Setelah dua tahun memimpin kaum Muslimin di tengah tantangan besar sebagai pengganti Rasulullah SAW, Abu Bakar akhirnya wafat pada 23 Agustus 634 Masehi. Meskipun masa kepemimpinannya singkat, beliau meninggalkan jejak penting dalam sejarah awal Islam.
Di zaman sekarang, sosok pemimpin yang menjunjung tinggi prinsip seperti Sayidina Abu Bakar sangat langka. Beliau dikenal sebagai ash-shiddiq karena kebenaran dan kejujurannya dalam mengemban amanat serta tanggung jawab terhadap tugas yang diberikan.
Selama masa kepemimpinannya, Abu Bakar selalu memperhatikan nasib rakyatnya. Hidupnya sederhana, dan ia tidak pernah memanfaatkan kekuasaan untuk kepentingan pribadi atau keluarganya. Dalam konteks ini, idealisme seperti yang dimiliki Sayidina Abu Bakar seharusnya menjadi panutan bagi para pemimpin hari ini, terutama dalam pengelolaan negara dan birokrasi.
Namun, kenyataan yang terjadi seringkali menunjukkan praktik oligarki kekuasaan.
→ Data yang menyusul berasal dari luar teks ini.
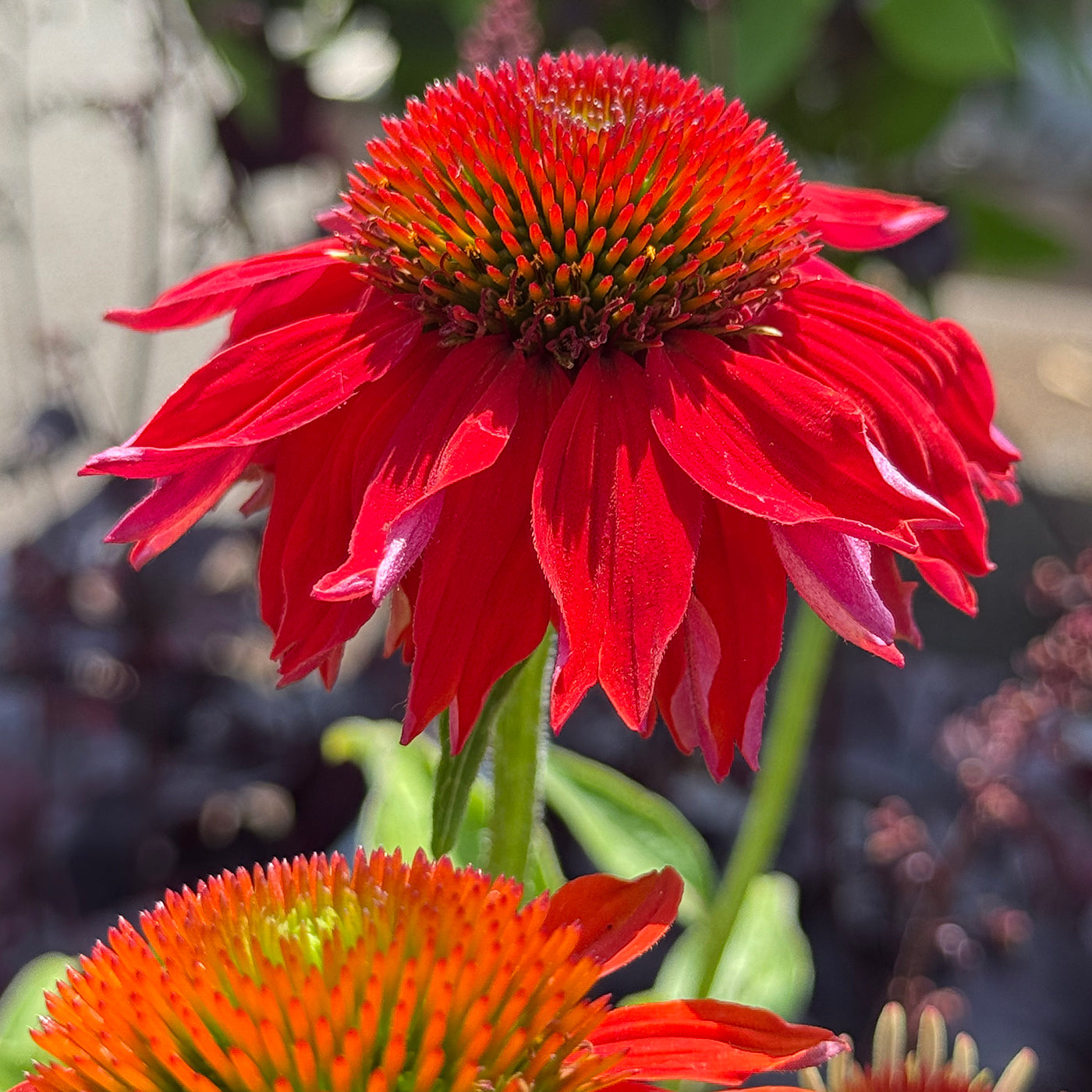 Echinacea &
Banyak individu yang lebih mementingkan kepentingan kelompoknya sendiri ketimbang kesejahteraan masyarakat luas. Tujuan utama pengelolaan negara yang seharusnya berfokus pada kesejahteraan rakyat sering kali disalahgunakan untuk menguntungkan segelintir orang atau kelompok tertentu.
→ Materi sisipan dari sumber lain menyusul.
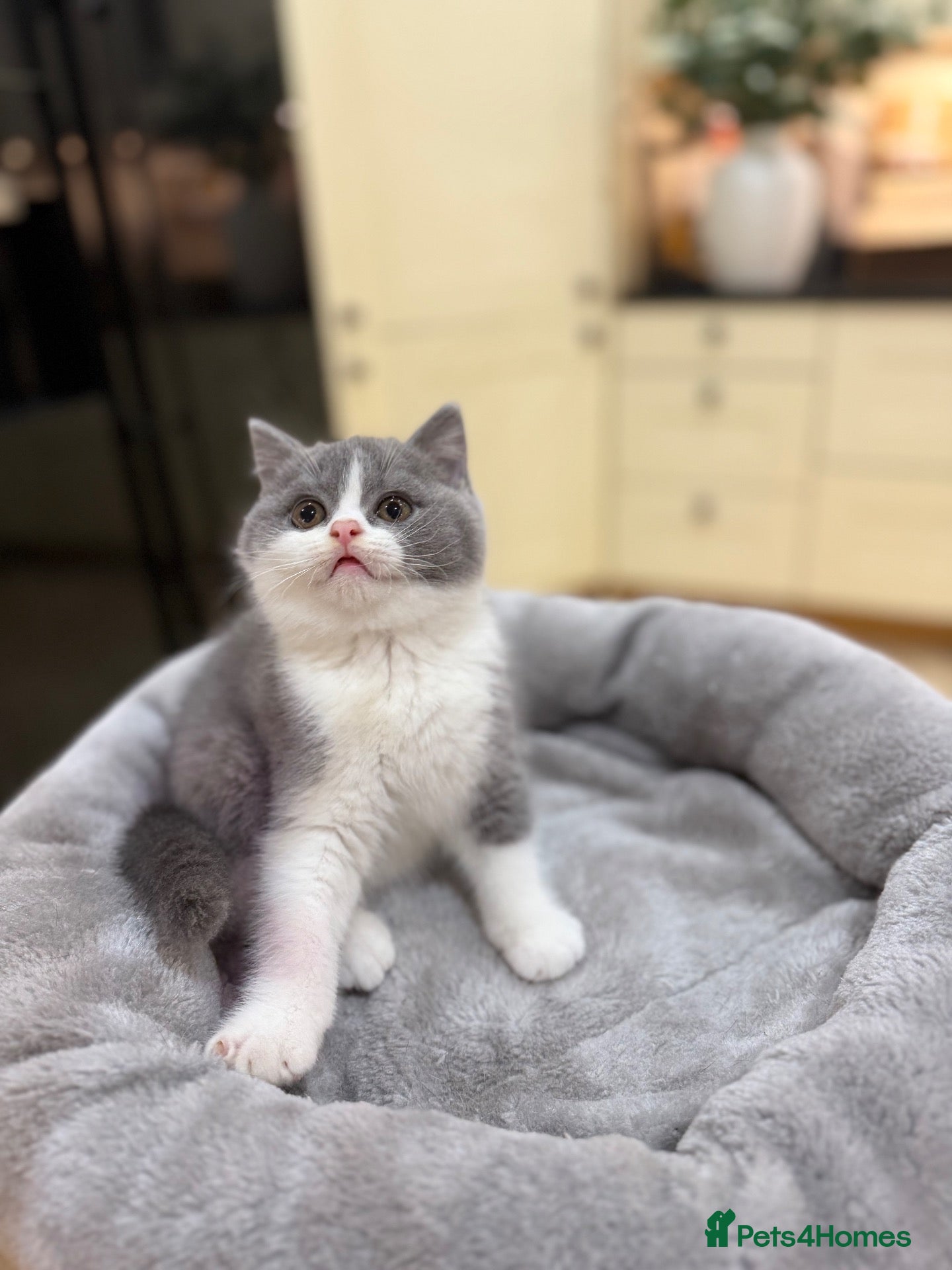 British Shorthair cats FULL PEDIGREE REGISTERED BSH  - Advert 1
Fenomena ini dapat dilihat dalam pengelolaan ibu kota negara, Jakarta. Contohnya, kursi wakil gubernur dibiarkan kosong selama lebih dari satu tahun, padahal perannya sangat krusial untuk melayani masyarakat. Ketidakmampuan partai pengusung untuk mencapai kesepakatan politik justru merugikan masyarakat yang menjadi korban dari ambisi kekuasaan kelompok tertentu.
Di tingkat lebih luas, praktik oligarki juga terlihat dalam pengelolaan negara. Dengan paradigma Machiavellian, banyak pemerintah menggunakan segala cara untuk mempertahankan kekuasaan dan otoritasnya melalui berbagai instrumen, seperti modal, media, dan legitimasi institusi.
Dalam konteks ini, penting bagi kita untuk merenungkan kembali nilai-nilai kepemimpinan yang diajarkan oleh pemimpin seperti Abu Bakar. Menjunjung tinggi amanah dan mengutamakan kepentingan masyarakat seharusnya menjadi prioritas utama bagi setiap pemimpin di Indonesia.